Task prompt:
In the records below, find the line with "Grillpan Masterchef NIEUW, 28", then copy each line exactly until you have copied the line with "Eco Cozy Beachfront Resort Chaam - 56". Leave any picture out.

BEGIN Task data

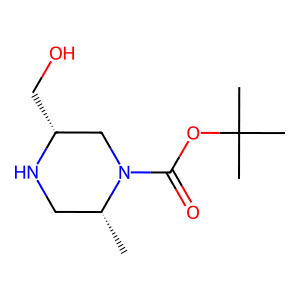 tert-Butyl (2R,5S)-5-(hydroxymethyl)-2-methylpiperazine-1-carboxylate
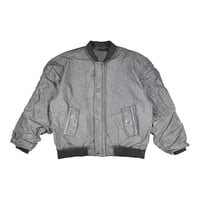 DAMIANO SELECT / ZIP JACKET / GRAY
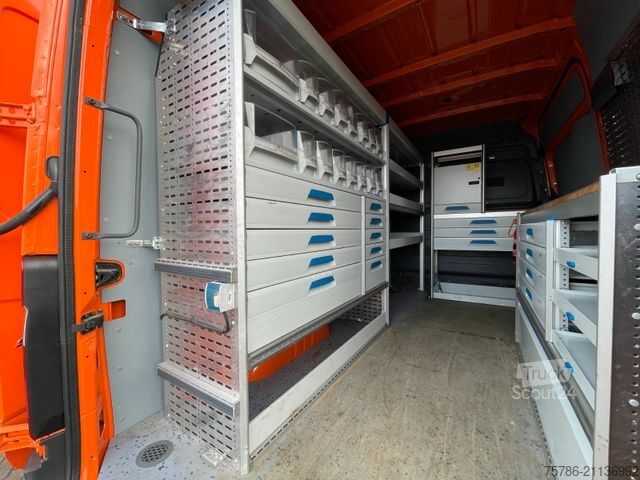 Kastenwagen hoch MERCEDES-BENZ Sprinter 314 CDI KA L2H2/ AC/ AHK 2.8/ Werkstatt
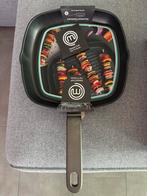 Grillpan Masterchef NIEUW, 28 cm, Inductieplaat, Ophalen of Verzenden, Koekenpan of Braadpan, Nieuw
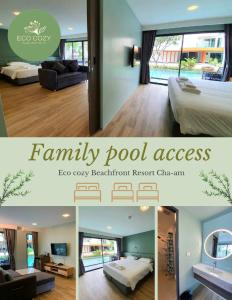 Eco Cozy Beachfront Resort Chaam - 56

END Task data
BEGIN Task data

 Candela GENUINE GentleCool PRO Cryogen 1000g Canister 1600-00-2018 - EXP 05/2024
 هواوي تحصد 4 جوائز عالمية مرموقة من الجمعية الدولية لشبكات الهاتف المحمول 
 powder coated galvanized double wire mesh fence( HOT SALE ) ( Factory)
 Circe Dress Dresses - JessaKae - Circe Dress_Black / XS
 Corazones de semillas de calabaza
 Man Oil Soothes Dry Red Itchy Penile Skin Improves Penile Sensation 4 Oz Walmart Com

END Task data

Output for this task:
 Grillpan Masterchef NIEUW, 28 cm, Inductieplaat, Ophalen of Verzenden, Koekenpan of Braadpan, Nieuw
 Eco Cozy Beachfront Resort Chaam - 56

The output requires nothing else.